# BIG GAME SCOUTING, MAPS AND MODERN TECHNOLOGY



## jungle (May 10, 2008)

After replying to another post, I decided this is a great topic. As a licensed professional hydro-geologist, I am amazed at all the mapping technology including Google Earth, GE terrain view; Bing Birds-eye view; hand held GPS Color Topos like the Garmin Oregon, MSR Maps, Topo software, etcetera, etcetera ad nauseum! :roll:

All this technology has serious limitations. Handheld GPS units; Google earth; on line topo etc...do not give the "big picture" *AND* detail over a large area. Yes you can use Google earth for the big picture but then you loose detail and feature labels when you try to print something you can bring into the field, on a regional scale.

In summary, the limitation is related to getting a large enough view and detail, at a usable scale that you can carry with you with a regional view. If you just need a zoomed in view of a tree stand, or water hole, great - technology will work. Just print out a zoomed in view on 8.5x11 and you are done; or use your Garmin Oregon.

However, unless you have the printer from hell (called a plotter) that can handle 1:24,000 detail on a sheet of paper that is 22 x 27 inches; or unless you enjoy taping little sections together, you are limited when it comes to detail AND that regional view.

I recently helped an Alaskan Guide with bear hunt in the Books and he had all topos loaded into his expensive color Garmin (oregon model?); and but he kept referring to my paper maps to see detailed labels in a regional view to get the big picture as we raced from one canyon to the next and back again and around chasing the hounds. It got confusing.

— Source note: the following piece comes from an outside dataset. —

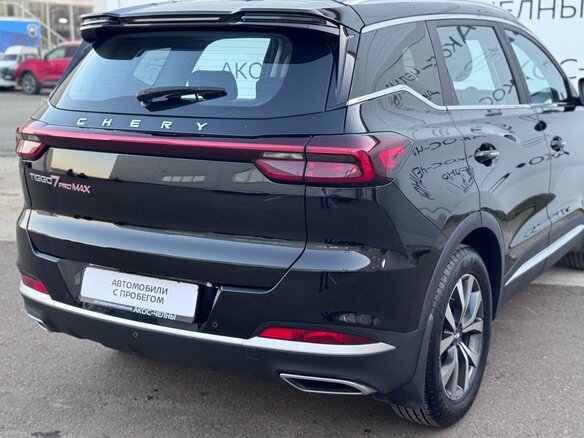 2023 Chery Tiggo 7 Pro Max I, чёрный - вид 10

The best place to get maps right now in Salt Lake and Utah Valley is at Utah Idaho Map Supply. If they don t have em, they'll print em on their monster color plotter ( I receive no incentive for posting this).


----------



## TEX-O-BOB (Sep 12, 2007)

You're right, the amount of technology we have at our finger tips these theses days is mind boggling. However, I've found that good old fashioned hard work and boot leather is still the best way to learn a hunting area. The maps will get you there and back, but boot leather is what kills animals in the long run.


----------